Le plus ancien témoignage de son existence provient des Annales de Saint-Bertin qui mentionnent en 857 une église saint-Étienne située hors les murs.

Le qualificatif de Grès apparaît pour la première fois dans une charte de 1219, probablement pour la distinguer de Saint-Étienne-du-Mont, fondée vers cette époque. Ce terme se rapporterait aux degrés qu'il fallait monter pour entrer dans l'église par la porte de la rue Saint-Jacques.

L'église est donnée au XIe siècle par le roi Henri Ier à l'évêque de Paris, qui y établit un chapitre. Placée désormais sous la protection de la cathédrale, elle est l'une des « quatre filles de Notre-Dame[1] » : ce titre donnait droit au curé d'assister l'évêque avec les prêtres cardinaux dans les grandes solennités de Noël, de Pâques et de l'Assomption. Le chapitre comportait douze prébendes et une chèvecerie, qui étaient à la collation des chanoines de Notre-Dame, personnellement à tour de rôle (in turno).
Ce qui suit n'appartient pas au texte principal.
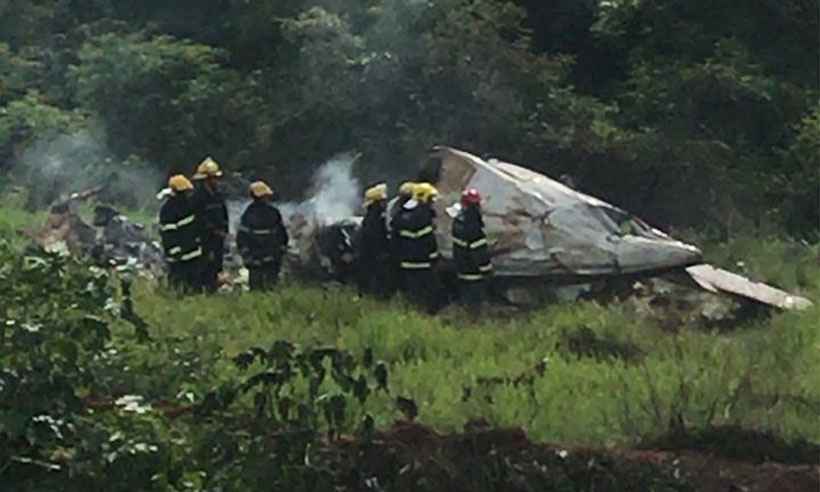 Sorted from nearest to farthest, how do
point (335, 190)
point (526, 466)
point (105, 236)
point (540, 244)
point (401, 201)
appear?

L'église est fermée le 12 juillet 1790 et détruite en 1792. Quelques restes de ses murs extérieurs et de leurs contreforts ont subsisté jusqu'à l'extension de la Faculté de Droit en 1876.

Architecture et curiosités

François de Sales adolescent se recueillant devant la statue de Notre-Dame-de-Bonne-Délivrance (vitrail de la chapelle du couvent des sœurs de Saint Thomas de Villeneuve à Neuilly sur Seine)

À la veille de la Révolution, les parties les plus vieilles de l'église, dont le clocher et la chapelle Notre-Dame de Bonne-Délivrance, remontaient au XIe siècle, tandis que le portail de l'église datait du XIVe siècle.

Le bénitier était surmonté d'une inscription palindrome en grec signifiant lave tes péchés et pas seulement ton visage[2].

L'église conservait la statue de Notre-Dame de Bonne-Délivrance. Cette statue, du XIVe siècle, était l'objet d'une vénération particulière, qui prit un grand éclat au cours des guerres de religion. La prière de la Vierge Marie était invoquée comme victorieuse de toutes les hérésies. En 1533, la confrérie de la Charité de Notre-Dame de Bonne-Délivrance fût fondée. Dotée par le Saint-Siège de nombreuses indulgences, elle compta bientôt 12 000 adhérents, notamment le roi et la reine de France Louis XIII et Anne d'Autriche qui s'y inscrivirent en 1622.

Le succès est tel qu'à la fin du siècle, le jeune François de Sales, qui se croyait prédestiné à la damnation, retrouve la paix et la confiance aux pieds de Notre-Dame de Bonne-Délivrance. François de Sales ayant été canonisé, une chapelle de l'église lui fût dédiée en 1692.

Ce succès ne va pas sans dissensions entre les chanoines de Saint-Étienne-des-Grès et la confrérie : celle-ci est d'ailleurs dissoute par le parlement de Paris en 1737 avant d'être rétablie en 1774.

Cachée durant la Révolution Française, la statue de Notre-Dame de Bonne-Délivrance est actuellement conservée dans la chapelle du couvent des Sœurs de Saint Thomas de Villeneuve de Neuilly-sur-Seine. Un vitrail et une plaque de la chapelle rappellent la consolation que Saint François de Sales connut au pied de la statue de la Vierge.

Notes et références

  1. les trois autres étaient Saint-Benoît, le Saint-Sépulcre et Saint-Merri.
  2. Il s'agit du vers « ΝΙΨΟΝΑΝΟΜΗΜΑΤΑΜΗΜΟΝΑΝΟΨΙΝ », parfaitement symétrique par rapport au Τ central, et qui se lit indifféremment de gauche à droite ou de droite à gauche. Ce vers était gravé sur un des piliers de Sainte-Sophie de Constantinople. On peut toujours voir à Paris à la basilique Notre-Dame-des-Victoires une inscription semblable.